Meccanismo IVA in cui l'imposta è applicata dal cliente anziché dal fornitore, con inversione contabile.

Il reverse charge, in italiano inversione contabile, è un meccanismo previsto dalla normativa IVA in cui l'obbligo di applicare l'imposta passa dal fornitore al cliente. È usato per contrastare frodi IVA in settori specifici e per le operazioni intracomunitarie.

Come funziona in pratica: il fornitore emette la fattura senza addebitare IVA, indicando in calce "operazione soggetta a reverse charge ai sensi dell'art. ...". Il cliente integra la fattura con l'IVA dovuta e la registra contemporaneamente sia tra le fatture di acquisto (con detrazione) che tra quelle di vendita (con debito d'imposta).
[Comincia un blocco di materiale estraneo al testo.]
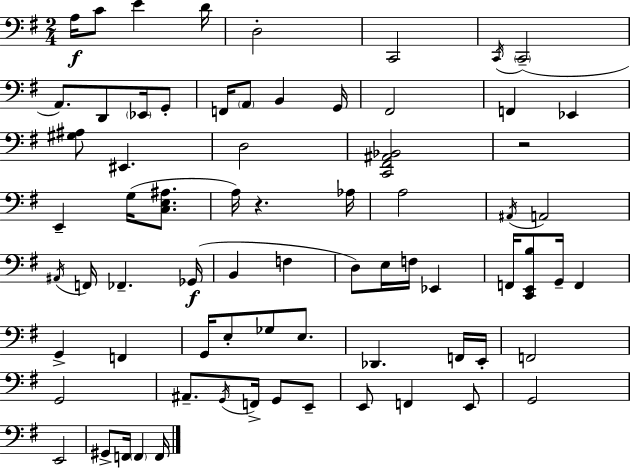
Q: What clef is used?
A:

Il risultato netto è zero per chi può detrarre completamente.

I principali settori di applicazione in Italia (art. 17 DPR 633/72):

  • Cessioni di rottami e materiali di recupero
  • Subappalti edili
  • Cessioni di fabbricati strumentali
  • Servizi di pulizia, demolizione e installazione di impianti relativi a edifici
  • Cessioni di gas, energia elettrica, certificati ambientali tra soggetti passivi
  • Cessioni di tablet, laptop, console e dispositivi a circuiti integrati
  • Operazioni intracomunitarie (acquisti da fornitori UE)

Per chi opera in regime forfettario, il reverse charge ha conseguenze specifiche: deve integrare la fattura con l'IVA dovuta e versarla, pur non potendo detrarla.

Errori frequenti da evitare: non applicare il reverse charge quando dovuto comporta sanzioni, così come applicarlo erroneamente in operazioni che non lo prevedono. Davanti a fatture in settori sensibili (edilizia, IT, settore energetico), la verifica con il proprio commercialista è una buona pratica.